## TASK DESCRIPTION
Exact copies of all the lines below are needed, without the pictures.

## PROVIDED ENTRIES
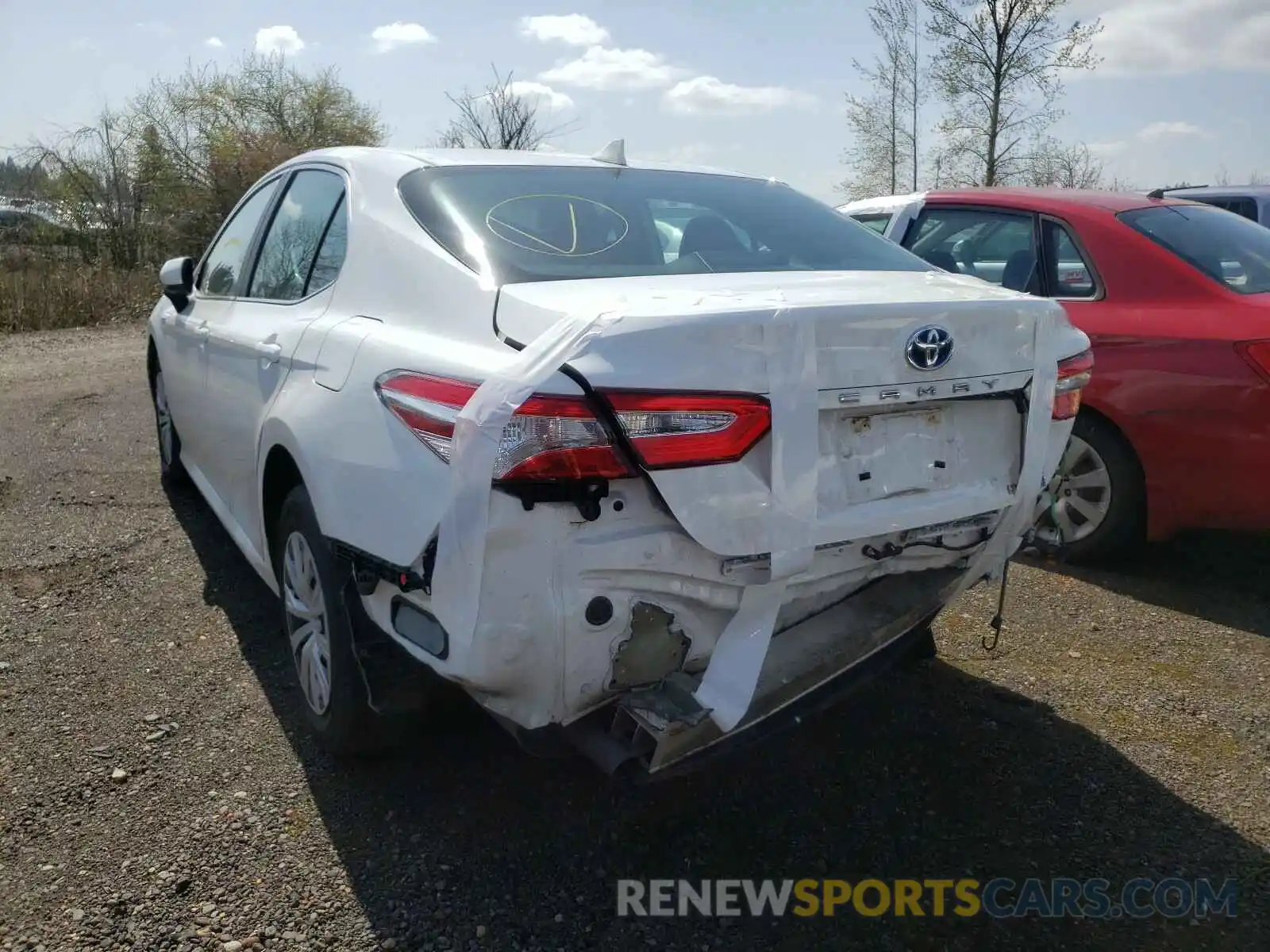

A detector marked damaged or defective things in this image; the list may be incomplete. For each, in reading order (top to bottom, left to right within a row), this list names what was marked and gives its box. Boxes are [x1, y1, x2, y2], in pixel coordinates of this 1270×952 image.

rear collision damage [322, 273, 1086, 781]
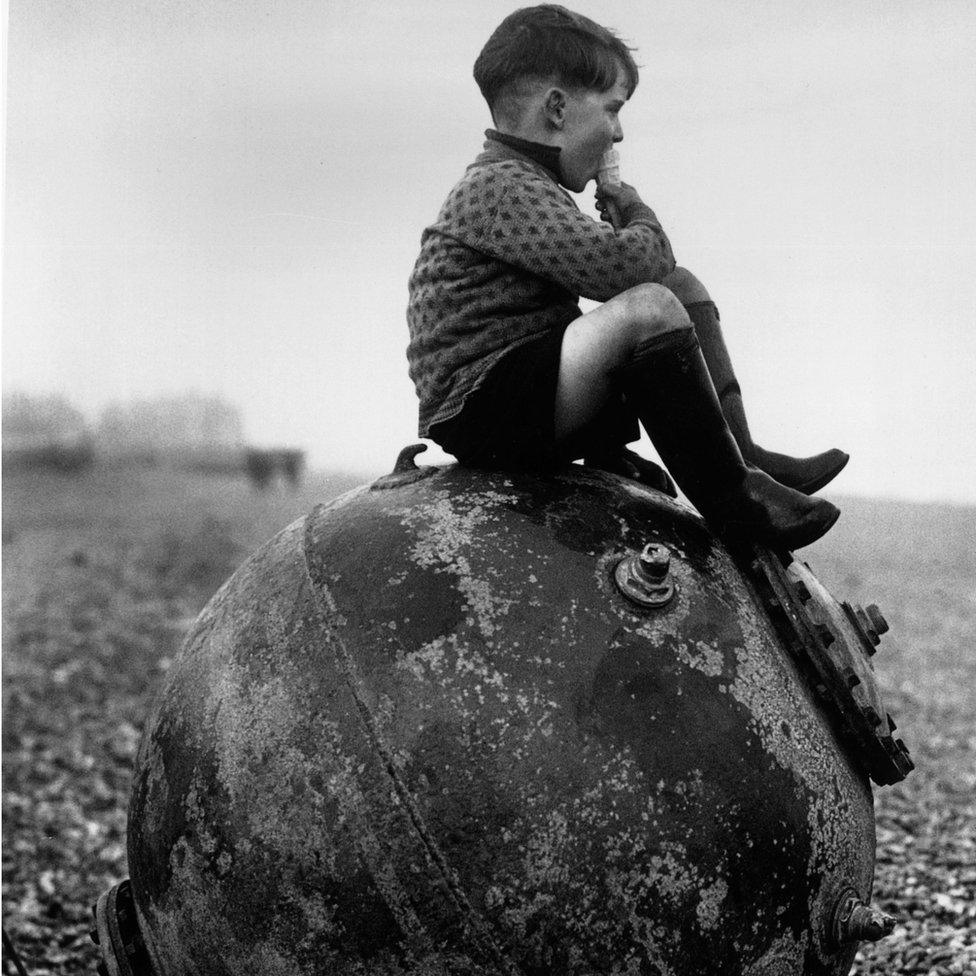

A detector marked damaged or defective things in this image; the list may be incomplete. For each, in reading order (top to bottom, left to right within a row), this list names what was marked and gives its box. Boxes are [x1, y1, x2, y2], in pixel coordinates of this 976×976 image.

rusty metal surface [126, 462, 880, 972]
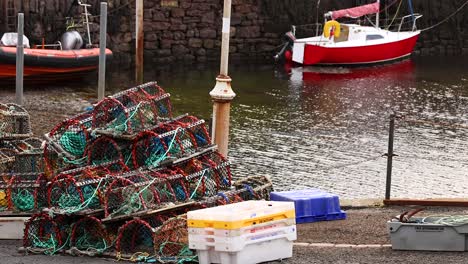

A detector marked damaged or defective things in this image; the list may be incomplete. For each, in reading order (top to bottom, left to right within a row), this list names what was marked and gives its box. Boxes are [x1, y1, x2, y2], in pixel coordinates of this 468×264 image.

rusty metal post [210, 0, 236, 158]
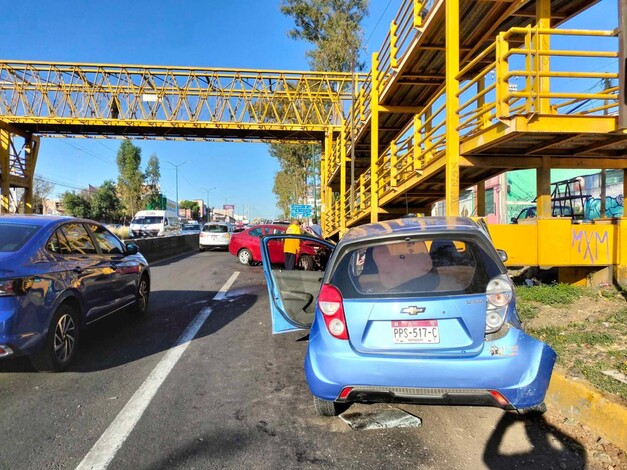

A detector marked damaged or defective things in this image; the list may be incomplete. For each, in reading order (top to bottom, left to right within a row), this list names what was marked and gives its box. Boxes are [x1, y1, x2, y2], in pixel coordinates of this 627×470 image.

damaged blue car [262, 216, 556, 414]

## THE COMPLETED TASK
A detector marked damaged or defective things in this image; the list may be incomplete. For each, in reading order (top to bottom, left to right within a row), this list names what was marked and gives its box. Boxes are [x1, y1, x2, y2], in pixel coordinates of this 1270×952 image.

rear collision damage [322, 273, 1086, 781]

A detector marked damaged or defective things in this image; the list may be incomplete. For each, in reading order (top to bottom, left to right within a row), this list names what was marked and gives its box. Boxes are [x1, y1, x2, y2], in pixel coordinates of this 976×976 image.

rusty metal surface [126, 462, 880, 972]

A detector marked damaged or defective things in this image; the list may be incomplete. For each, in reading order (top to bottom, left to right within a row), this list names what was marked and gives its box. Boxes are [x1, y1, x2, y2], in pixel coordinates of this 468×264 image.

rusty metal post [210, 0, 236, 158]

A detector marked damaged or defective things in this image; the list may be incomplete. For each, in reading order (top to bottom, left to right within a row), this list names what was marked and gives its box. Boxes are [x1, y1, x2, y2], in pixel coordinates of this 627×470 image.

damaged blue car [262, 216, 556, 414]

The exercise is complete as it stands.